• Assignment: The answer consists solely of the lines running from the one with "billing software Software" through the final line below, transcribed exactly and without any pictures.

==========

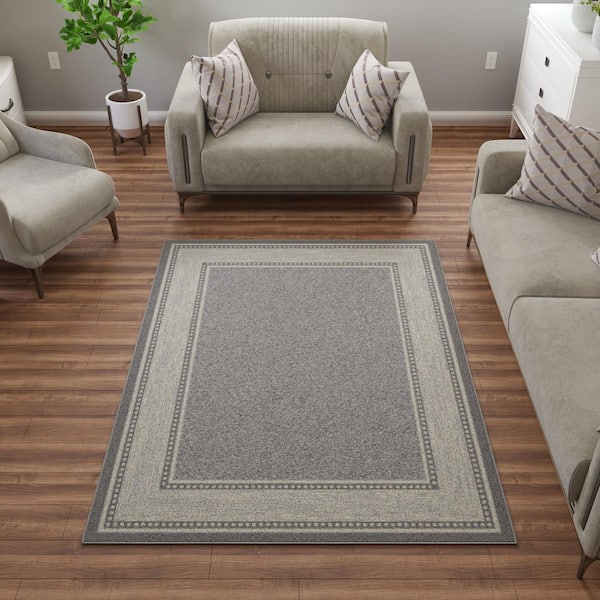 Ottohome Collection Non-Slip Rubberback Bordered 5x7 Indoor Area Rug, 5 ft. x 6 ft. 6 in., Gray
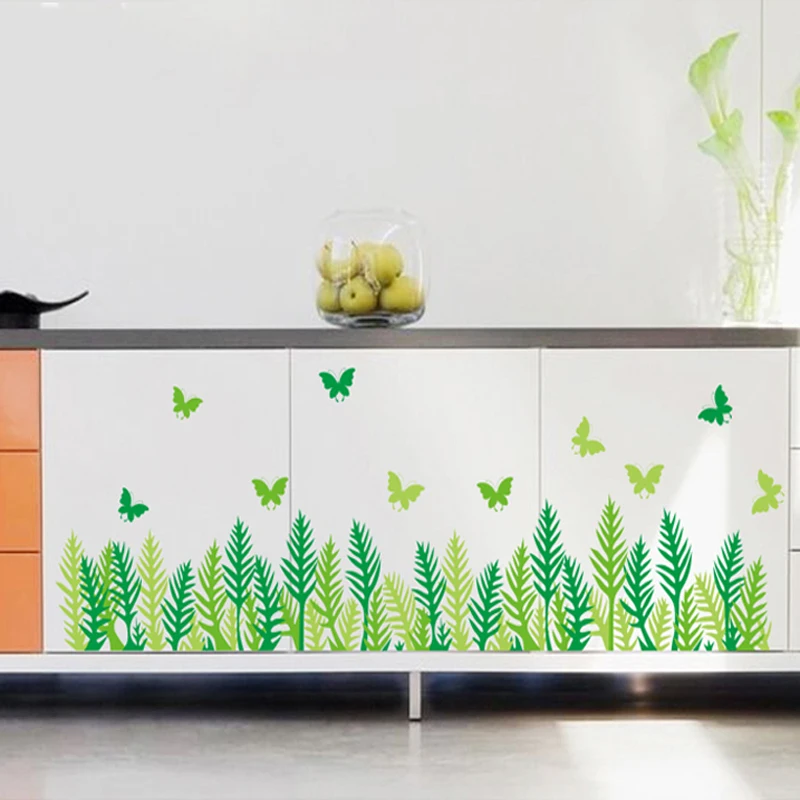 Линия стопы Baseboard крышка Настенная Наклейка угловые наклейки зеленая трава украшение для дома бабочки DIY виниловое панно для стекла гостиной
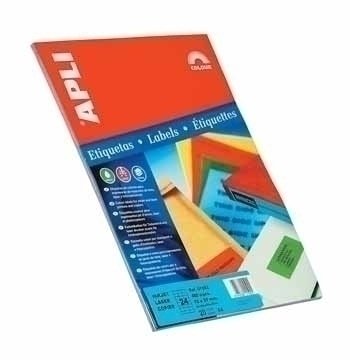 Apli Etiquetas Adhesivas 70x37mm Inkjet/Láser C/Rectos 24 X 20h Amarillo Fluorescente
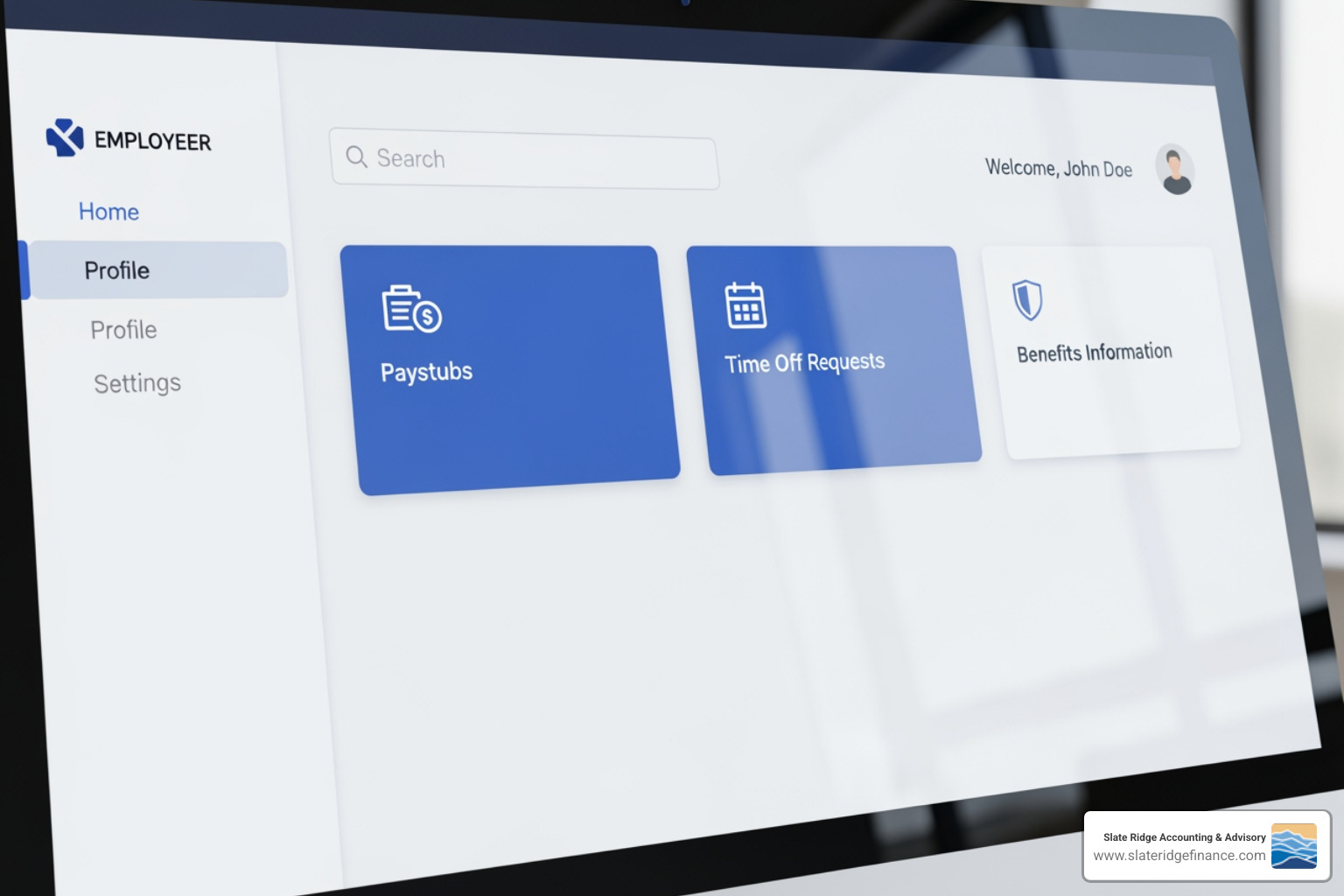 Software interface showing employee self-service portal with options for paystubs, time off requests, and benefits information - payroll billing software Software interface showing employee self-service portal with options for paystubs, time off requests, and benefits information - payroll billing software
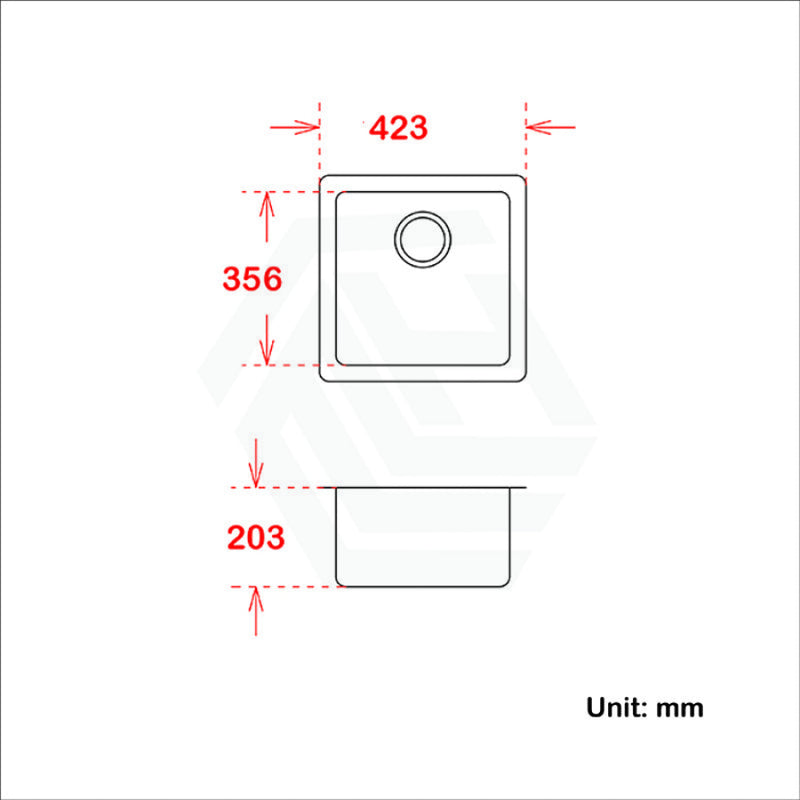 423X423X203Mm White Granite Quartz Stone Kitchen/Laundry Sink Single Bowl Top/Under Mount Kitchen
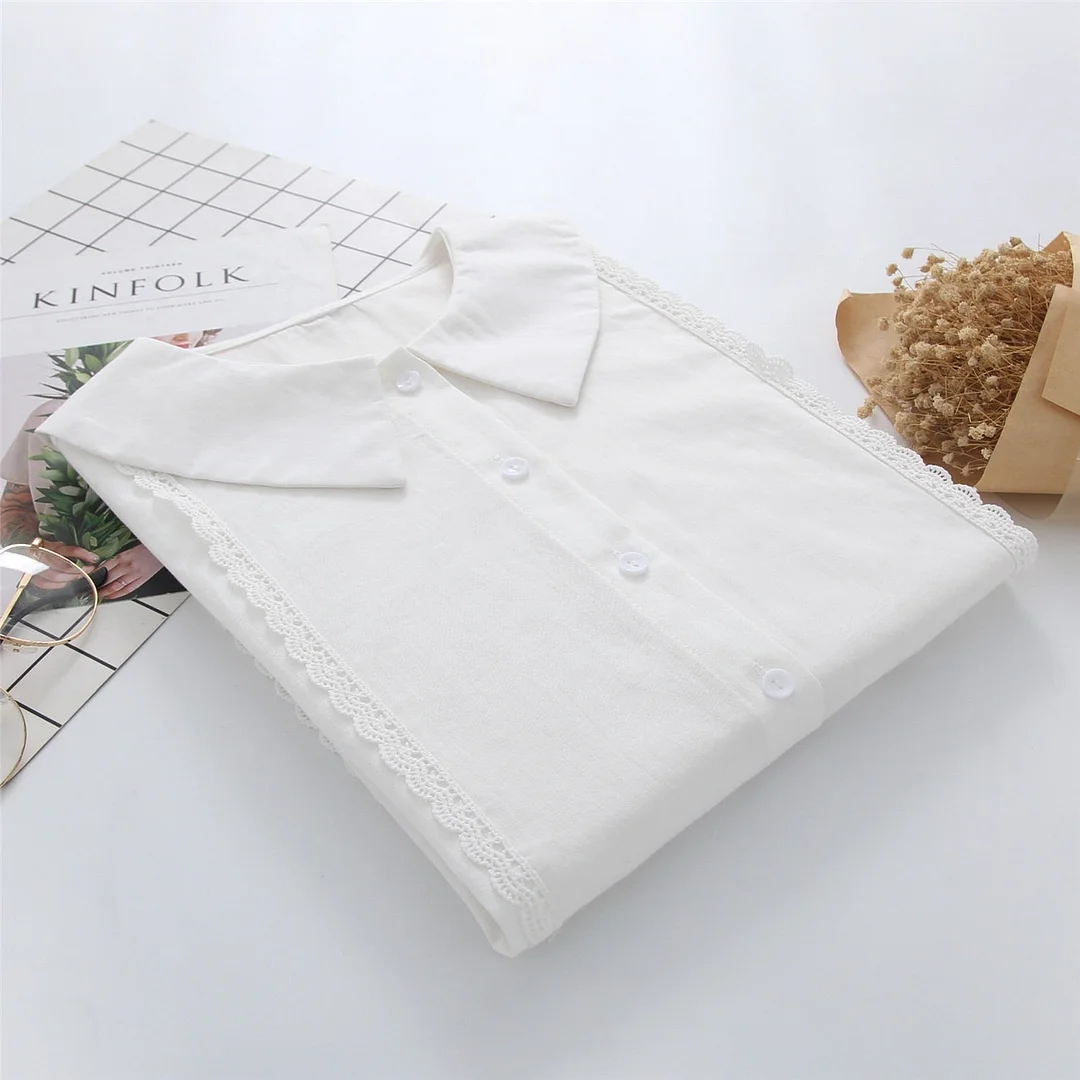 2021 Spring New Women Casual Peter Pan Collar Cotton White Shirt Lantern Sleeve Lace Blouse Autumn Solid Sweet Girl Tops T0D706F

==========

• Expected answer:
 Software interface showing employee self-service portal with options for paystubs, time off requests, and benefits information - payroll billing software Software interface showing employee self-service portal with options for paystubs, time off requests, and benefits information - payroll billing software
 423X423X203Mm White Granite Quartz Stone Kitchen/Laundry Sink Single Bowl Top/Under Mount Kitchen
 2021 Spring New Women Casual Peter Pan Collar Cotton White Shirt Lantern Sleeve Lace Blouse Autumn Solid Sweet Girl Tops T0D706F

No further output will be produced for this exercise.